Sometimes, though, girly-girl types can morph into “mean girls” and inform the jockettes that they’re not good enough as girls, and they can receive the message that it’s not okay to be the kind of girl they are, the kind of girl God chose for them to be because He has a good plan for them. They can grow up not feeling secure in their femininity.
The Masculinity Spectrum
On one end is the rough-and-tumble boy—athletic, noisy, enjoys getting dirty. He bonds to other boys shoulder-to-shoulder, engaging in common activities or tasks, and tends to find face-to-face interaction intimidating. On the other end of the spectrum from the athletic boy is the aesthetic boy: emotionally sensitive, gifted in art, music, theater, dance, or some other kind of art. He usually avoids athletics, getting dirty, and anything having to do with balls coming at him. He bonds eyeball-to-eyeball, connecting to others’ hearts through their eyes the way most girls do, but they are not girls. And then, of course, there is everything in between.
In our culture, we tend to define masculinity in terms of the rough-and-tumble type ONLY, but I don’t think God agrees, since He delights to create so many sensitive boys and those who are a balance between the two. In fact, even as toddlers, they can reveal themselves by responding to another child’s upset by dropping what they’re doing and going over to pat them, soothe them, and attempt to comfort them: “You okay? It’s okay.” This sensitivity is a beautiful thing to behold, but it can get a little boy in trouble. Since we define masculinity so narrowly, it is easy to marginalize and shame the masculinity of the sensitive boy. Especially if his daddy is a rough-and-tumble sort of man who is flummoxed by a little boy who would rather Daddy read to him than throw a football.
If the sensitive boy is affirmed in his type of masculinity, he can grow up to be a phenomenal husband, father, pastor, counselor, artist, musician, dancer—the list goes on. When tomboy girls are loved and accepted by their parents just the way they are, they can grow up to be great moms and teachers and scout leaders, especially of boys. If, however, they are ostracized for the way they are designed, they can burn with the indignity of being “other than.”
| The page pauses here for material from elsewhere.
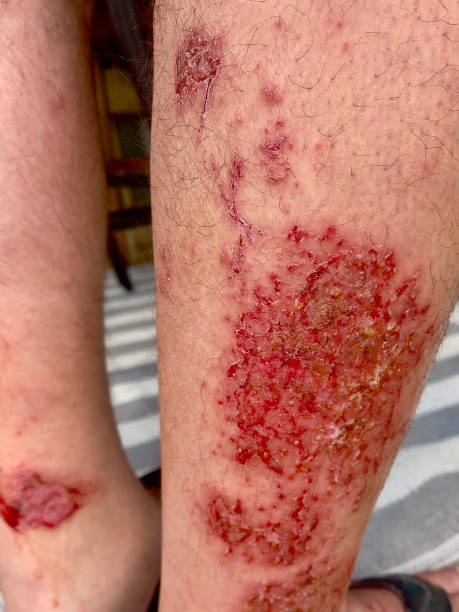 An image of eczema and treatment at Santosh Homoeo Hall and Clinic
It’s these sensitive, gifted boys that are most at risk for embracing a gay identity, especially when others wound them by slapping false labels on them, even from a young age: gay, queer, homo, fag. Tomboy girls, especially the ones gifted athletically, are quickly tagged with ugly false labels as well: lez, queer, gay. They can easily think, “What do others know that I don’t know? If they say it, it must be true.”
But it’s not true. They’re not gay, they’re gifted. If only they could be helped to see themselves that way!
Our goal as adults should be to help all children grow into gender-secure, emotionally healthy kids who are glad God made them a boy or a girl, and are comfortable in their own skins just the way God made them. I think it starts with affirming the different kinds of masculinity and femininity. It’s ALL good!
This blog post originally appeared at
on January 4, 2011.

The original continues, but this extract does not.